かねこカウンセリングオフィスの金子です。

前回に引き続き、「読書」について書きたいと思います。突然ですが、私の自宅のトイレには簡単な本棚がありまして、そこに自分のお気に入りの本たちを置いてあります。それらの本をペラペラめくるのが習慣でして、何度も読んでいる本でも「そうだった、そうだった」、「なるほど」と感心することがあります。

これまでも何度も書かせて頂きましたが、私の仕事は言葉のやり取りで成り立っていると言えます(もちろん、言葉だけでなく、雰囲気やジェスチャー、息遣いや視線なども大切ですが・・・)。

それゆえに、言葉に関しては敏感でありたいと思っていますし、言葉の使い方や伝え方には十分すぎるほど、注意を払います。言葉に対して、以下の二人はこう、述べています。

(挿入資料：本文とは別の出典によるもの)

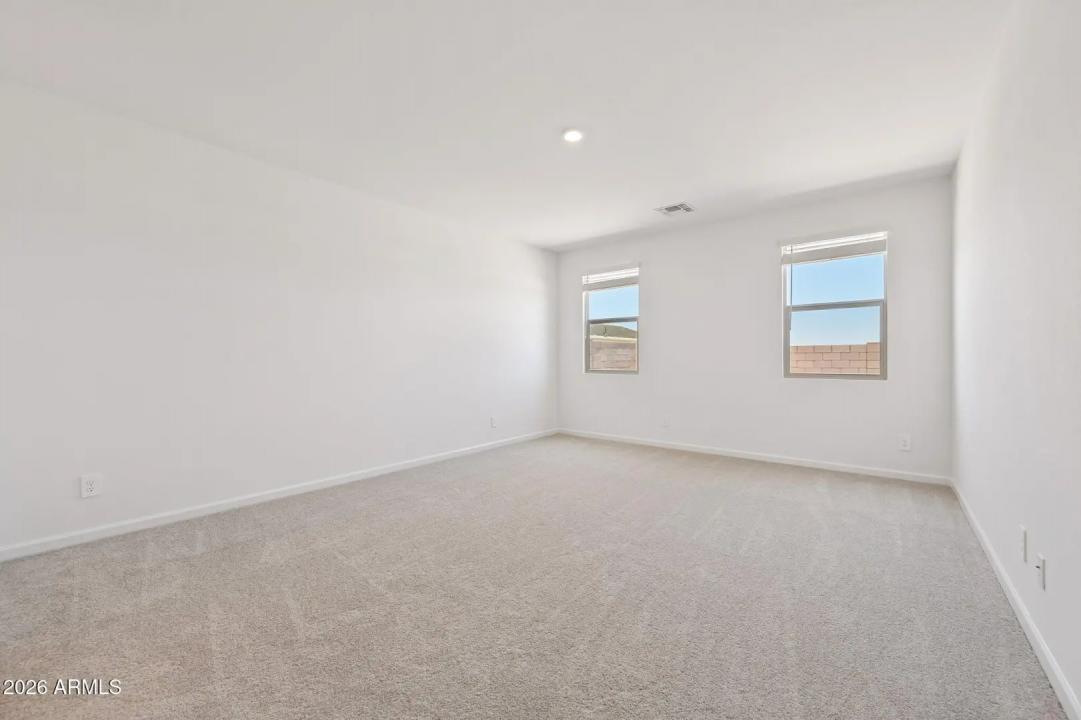 Real Estate Picture 30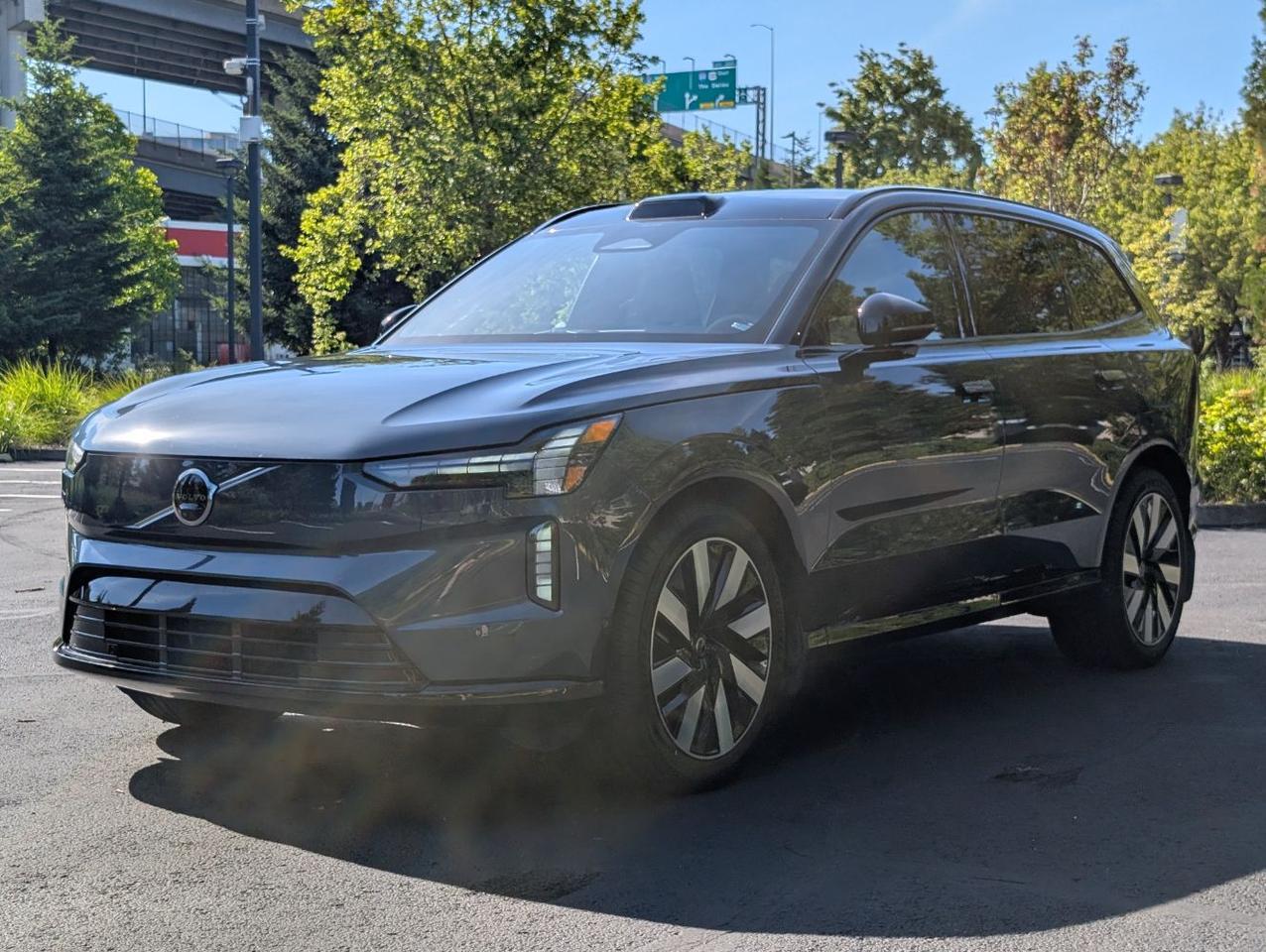 2025 Volvo EX90 Twin Motor ULTRA | 510hp, 310mi Range, Bowers & Wilkins Premium Audio, Pilot Assist, 6-Pass Seating Portland OR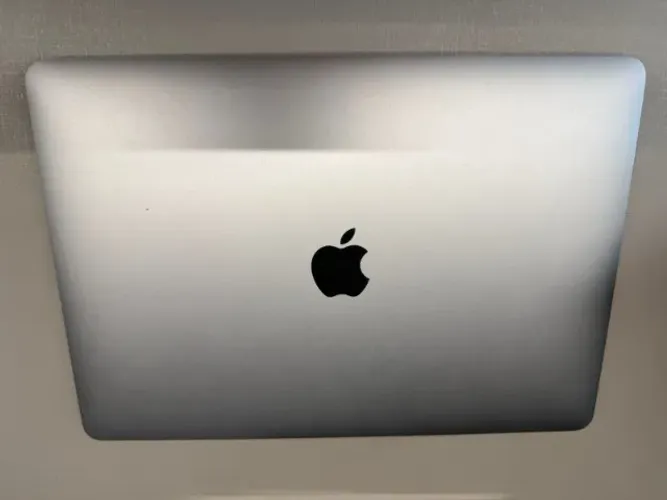 MacBook Air 13" Modelo MUQT2LL/A 2019 Usado Perfeito Estado - 1.6GHZ/16GB/512GB
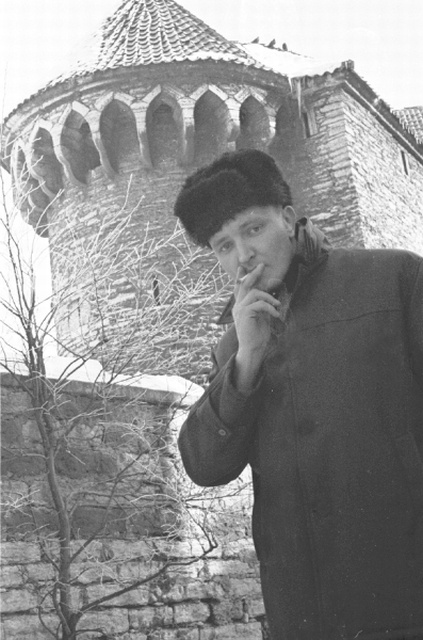 Luuletaja Arvi Siig suitsetamas Tallinna linnamüüri taustal.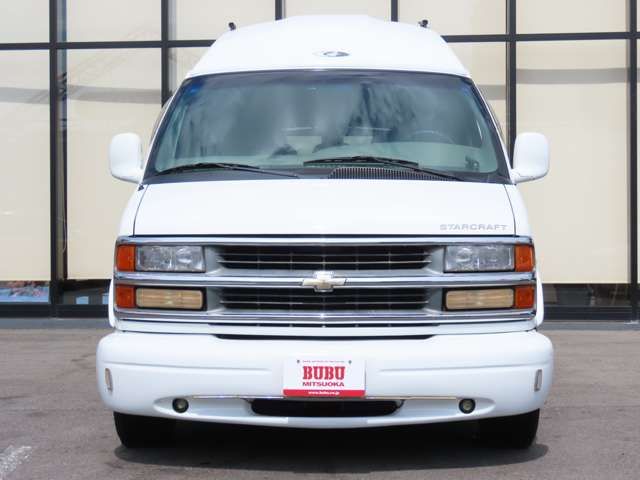 Mazda Bongo front view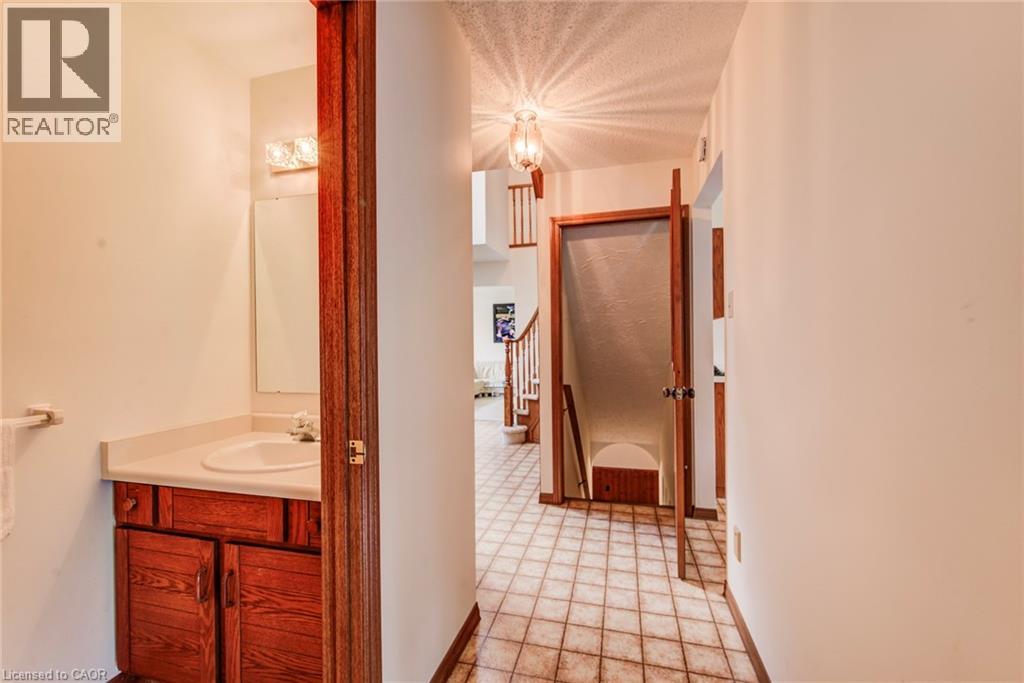 323 Auburn Drive, Waterloo, Ontario N2K 3E1 - Photo 35 - 40842506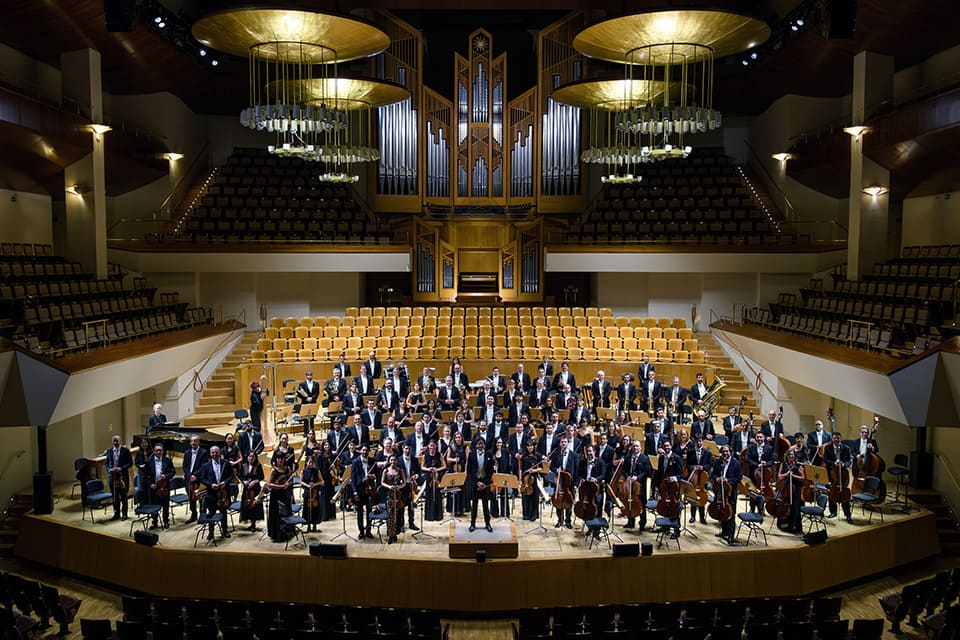 La Orquesta Sinfónica de Madrid culmina la temporada 2024‑2025 bajo la batuta de Ivor Bolton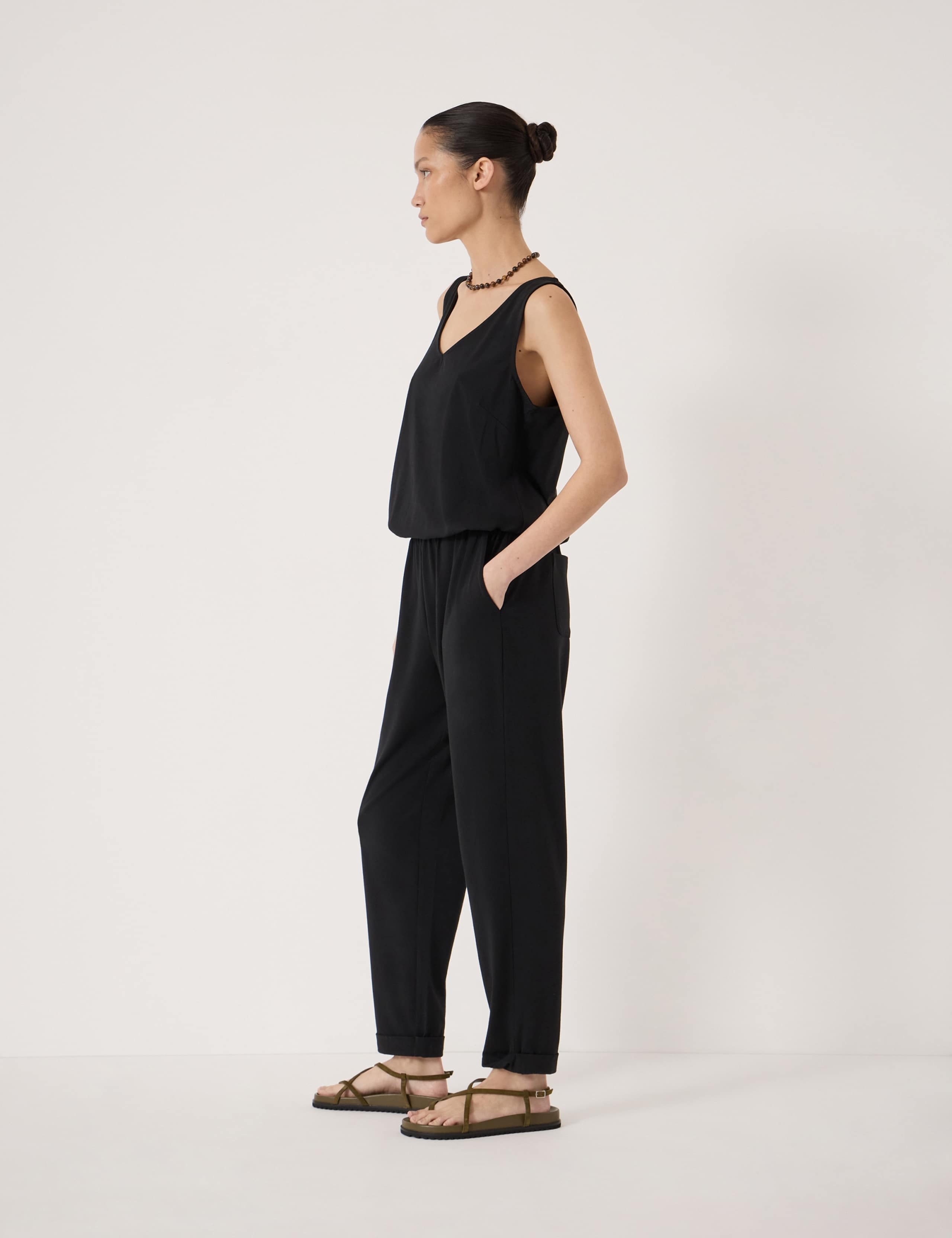 Jersey Sleeveless Cropped Jumpsuit 3 of 5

「言葉を信じないということをさんざんにやってきた結果、言葉を上手に使うということを、しないのでなく、できなくなってしまっているのではないか。少しの語彙しか持たなくなってきて、かわいい、むかつく、すげえ、うざい、といったように、僅かな言葉だけで精一杯自分を表し、伝えるという風になっています。」

(「なつかしい時間」、長田弘、岩波新書)

「言葉の不完全性によって、私がどのように言葉を磨いても、クライエントに完全に届く言葉にはならない。だから実際の日々の臨床では、ひたすらクライエントに寄り添う言葉を見つけることが正しいのである。」

(「心理療法の形と意味―見立てと面接のすすめ方ー」、溝口純二、金剛出版)

SNSやラインといったツールが流行り、多くの人が利用しています。このようなツールについて、賛否両論はありますが、大切なのは「使い方」だと思います。

ふだん、あまり意識しないかも知れない「言葉」ですが、時に美しい「言葉」や気になる「言葉」を調べてみたり、使ってみたりすることで、新たな発見があるかも知れません。